A functional integrin binding domain is necessary for EMILIN1 to rescue the anticipated mammary tumor onset in Δ16HER2/EMI1 KO mice
The anticipated tumor onset observed in Δ16HER2/EMI1 KO animals made us wonder whether the phenotype was caused by the absence of the EMI domain, the gC1q domain or both. To investigate this aspect, we took advantage of the EMILIN1-E933A (E1-E933A) transgenic mouse model that was generated and previously characterized in our laboratory28. These mice express a human EMILIN1 carrying the E933A mutation, which abolishes the ability to bind α4β1 and α9β1 integrins. Tissues from this mouse model were already tested for the expression of E1-E933A, showing that transcriptional levels were very similar to the ones found in WT animals28. TGF-β1 protein levels, whose maturation from pro-TGF-β1 can be regulated by the N -terminal EMI domain, were also maintained at similar level in WT and E1-E933A animals29. To evaluate whether the binding to integrins, contained in gC1q domain, was important for EMILIN1 function in Δ16HER2-related context, we crossed the E1-E933A mice with the Δ16HER2/EMI1 KO ones and generated the new Δ16HER2/EMI1 KO/E1-E933A mouse colony (Δ16HER2/EMI1 KOtg).
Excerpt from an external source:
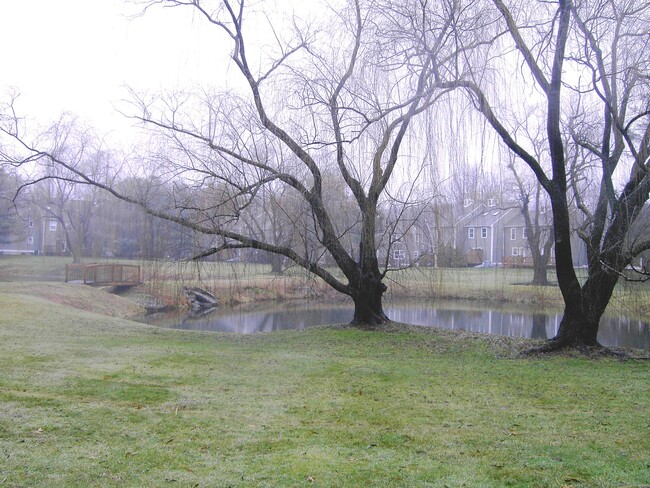 Building Photo - 191 Georgetown Dr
Although E1-E933A deposition in the mammary tissue was very similar to the one of EMI1 WT (Fig. 6a), the evaluation of tumor onset by palpation showed that appearance of palpable tumor masses in Δ16HER2/EMI1 KOtg mice was completely overlapping with the one Δ16HER2/EMI1 KO animals (13.27 vs 13.32 weeks) (Fig. 6b), clearly indicating that the gC1q domain and, thus, EMI1 binding to integrins, was a critical event in regulating the tumor onset of Δ16HER2 transgenic mice.
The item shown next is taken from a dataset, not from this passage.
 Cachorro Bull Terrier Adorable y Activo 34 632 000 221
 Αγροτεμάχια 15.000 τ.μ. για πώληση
a Hematoxylin and eosin pictures (top) and immunofluorescence images of EMILIN1 (green) of mammary glands collected from ∆16HER2 WT (left), ∆16HER2/EMI1 KO (middle), and ∆16HER2/EMI1 KOtg (right) mice at 11 W of age. At least three mice per genotype were evaluated. TO-PRO was used to stain nuclei in immunofluorescent images. Scale bar 50 µm. b Graph report the onset of palpable tumors derived from ∆16HER2 WT (black line), ∆16HER2/EMI1 KO (red line), and ∆16HER2/EMI1 KOtg (blue line) mice. At least 14 animals per genotype were evaluated. In all graphs, significance was calculated by Student t-test and indicated by a P < 0.05.
Discussion
The mammary gland is a dynamic and plastic tissue undergoing dramatic changes throughout its developmental process. Interestingly, many of the pathways responsible for regulating mammary gland development can, when aberrantly activated, lead to the transformation of mammary epithelial cells, ultimately resulting in cancer30,31. In both normal development and cancer progression, the extracellular matrix (ECM) plays a pivotal role by maintaining mammary gland structure, influencing mammary cell plasticity and transformation and eventually, BC initiation, growth, and progression.
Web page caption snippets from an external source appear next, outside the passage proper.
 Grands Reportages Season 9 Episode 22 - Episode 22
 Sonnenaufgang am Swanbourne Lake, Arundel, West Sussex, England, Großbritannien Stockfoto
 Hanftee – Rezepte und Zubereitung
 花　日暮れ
The role of EMILIN1 in normal mammary gland and in BC has still to be elucidated. Our analyses of mouse mammary glands suggested that while the loss of EMI1 did not yield any physiological or pathological consequences (EMI1 KO mice exhibited a normal lactating phenotype), EMI1 played a crucial role in ensuring the balanced and timely development of the mammary gland. It has been reported that EMILIN1 mRNA level changes based on mammary tumor grade32. Yet, very little is known regarding the expression of EMILIN1 in BC, except for recent work of Sharma et al., which identified several unique EMILIN1 transcripts significantly downregulated in various BC subtypes, including luminal, basal, and HER2+ BC, when compared to the Normal-like counterpart in the TCGA dataset33. Here, we aimed to bridge this gap and directly analyze EMILIN1 expression using RNA-seq data from the TCGA-BRCA dataset and a substantial collection of human BC samples from our Institution. Our results are in line with previous data and suggested a tumor suppressive role for EMILIN1 in BC, as already seen in other contexts14,28,34. Notably, we observed that EMILIN1 expression was progressively lost as we transitioned from healthy mammary tissue to primary breast cancer. Although this finding could be influenced by variations in stromal content in healthy versus tumor samples, we found an even more pronounced loss of EMILIN1 expression in metastatic specimens. Interestingly, EMILIN1 loss of expression was able to predict patient survival in HER2+ BC population, suggesting it may specifically play a role in this BC subtype. This hypothesis is independently supported by the notion that the promoter regions of ITGA4 and ITGA9 genes, the two α-integrins responsible for EMILIN1 cellular binding, are hypermethylated in BC, particularly in HER2+ tumors35. These results suggest that HER2 and EMILIN1-α4β1/α9β1 integrins signaling pathways may interact with one another in normal mammary tissue and the biological consequences of their dysregulation are yet to be discovered.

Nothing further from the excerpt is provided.